**Task**
In the records below, reproduce exactly the lines from the one containing "To Let 2 Bedroom" through the one containing "Minicargadora Takeuchi, cargadora", both included, and omit the pictures.

**Records supplied**
_ _ _ _

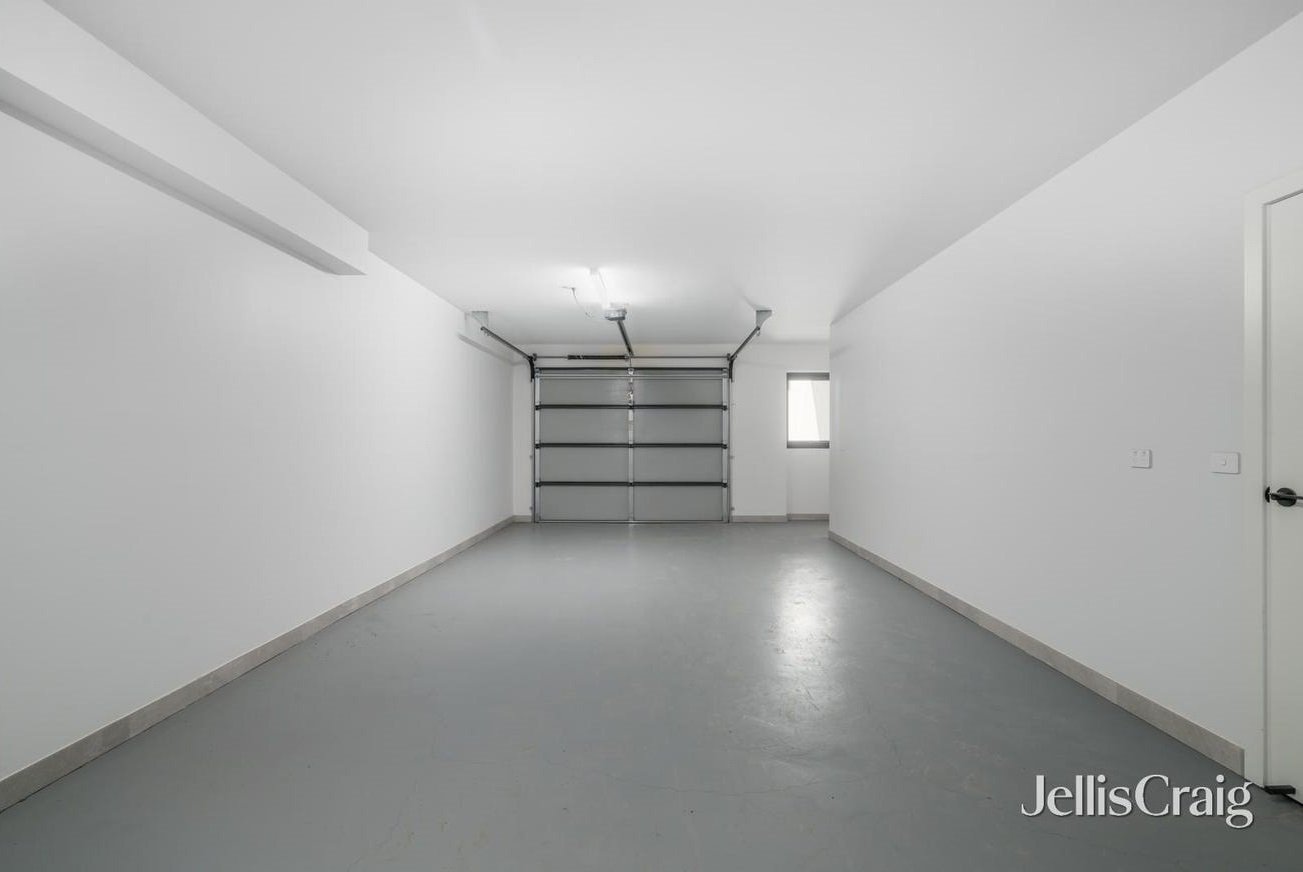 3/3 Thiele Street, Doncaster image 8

_ _ _ _

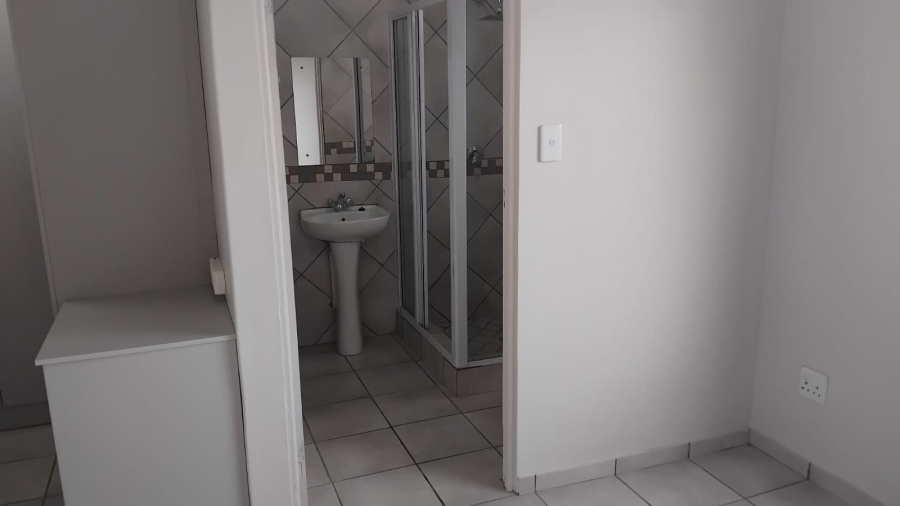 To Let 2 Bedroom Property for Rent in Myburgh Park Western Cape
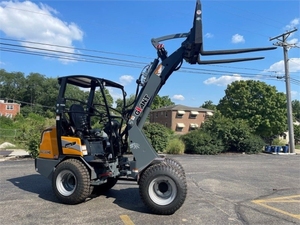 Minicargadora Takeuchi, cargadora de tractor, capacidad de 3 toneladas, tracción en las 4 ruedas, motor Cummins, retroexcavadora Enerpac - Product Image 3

_ _ _ _

**Answer to this task**
 To Let 2 Bedroom Property for Rent in Myburgh Park Western Cape
 Minicargadora Takeuchi, cargadora de tractor, capacidad de 3 toneladas, tracción en las 4 ruedas, motor Cummins, retroexcavadora Enerpac - Product Image 3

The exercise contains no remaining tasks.